PAUL'S BLOG

Learn. Build. Share. Repeat.

Streamline Network Observability on AKS: A Step-by-Step Guide to enable the AKS add-on with Terraform

2023-07-10 11 min read Tutorial

Have you ever had to troubleshoot network issues in your Kubernetes clusters? If so, you know how challenging it can be to identify and resolve problems.

To troubleshoot network issues you probably had to use a combination of tools like kubectl, tcpdump, wireshark, and netstat. The list goes on and on… While these tools are great for debugging and capturing network logs and traces, they don’t provide a holistic view of your cluster’s network traffic.

The good news is that there’s a better way!

A few weeks ago, the Network Observability add-on for AKS was announced. This add-on is currently in preview and provides a simple way to enable network observability for your AKS clusters. The add-on is an eBPF-based solution that scrapes metrics from Kubernetes workloads and exposes them in Prometheus format. This allows you to use tools like Grafana to visualize your cluster’s network traffic. This can be either Bring-Your-Own Prometheus and Grafana or Azure-managed Prometheus and Grafana.

The AKS docs include a step-by-step guide for enabling the add-on using the Azure CLI.

In this blog post, I’ll walk you through the steps on how you can enable the AKS add-on using Terraform.

Before you begin

You should have an Azure subscription and the Azure CLI installed. You’ll also need to install the Terraform CLI.

If you have all of the above, you’re ready to get started!

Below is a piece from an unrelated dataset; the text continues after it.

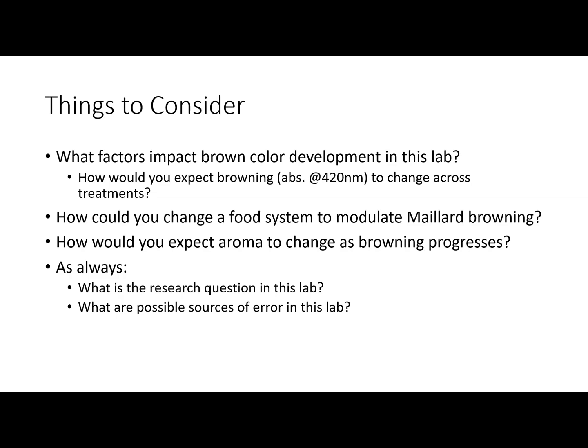Also think about how you would expect aroma to change as browning progresses. As we have more browning, how would you expect the associated Maillard aromas to change? Think about baked goods — the longer you bake them, do they smell more of pleasant aromas, or do off-aromas start? You won't have the chance to smell these samples, which might be fortunate since some smell like rotten eggs. Use your baking experience to reason about this. Also think about what the research question is, why it's important to food scientists, and look for possible sources of error in this lab.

Run the following command to log in to your Azure account using the Azure CLI:

az login

With the network observability add-on being in preview, you’ll need to register the NetworkObservabilityPreview feature by running the following command:

az feature register \
  --namespace "Microsoft.ContainerService" \
  --name "NetworkObservabilityPreview"

NOTE: This command can take a few minutes to complete. You can check the status of the feature registration using the following command:

az feature show \
  --namespace "Microsoft.ContainerService" \
  --name "NetworkObservabilityPreview"

You can proceed when feature has been registered.

Overview of what we’ll be doing

If you’ve used the Azure CLI command to enable the network observability add-on in your AKS cluster, you’ll find that all it takes is a single flag (–enable-network-observability) to enable the feature and a few commands to wire up the AKS cluster to the Azure managed Prometheus and Grafana instances. I want to use Terraform to provision the add-on. It’s a bit more involved but worth knowing how it’s all wired up.

The process of enabling the network observability add-on using Terraform can be broken down into the following steps:

  1. Create an AKS cluster
  2. Create an Azure Monitor workspace with data collection rules, endpoints, and alerts for Prometheus
  3. Enable the network monitoring add-on for the AKS cluster
  4. Create an Azure Managed Grafana instance with proper role-based access control (RBAC) assignments so that you can log into Grafana and for Grafana to access the Azure Monitor workspace
  5. Import the Kubernetes / Networking dashboard into our Grafana instance

After following the steps above, we’ll deploy a sample application to the AKS cluster and explore the network observability dashboard.

NOTE: If you’re really curious to know what the --enable-network-observability flag does in Azure CLI, you can read through the source code here

Setting up Terraform providers

All my Terraform code can be found here. You can use this as a reference to follow along with the steps below.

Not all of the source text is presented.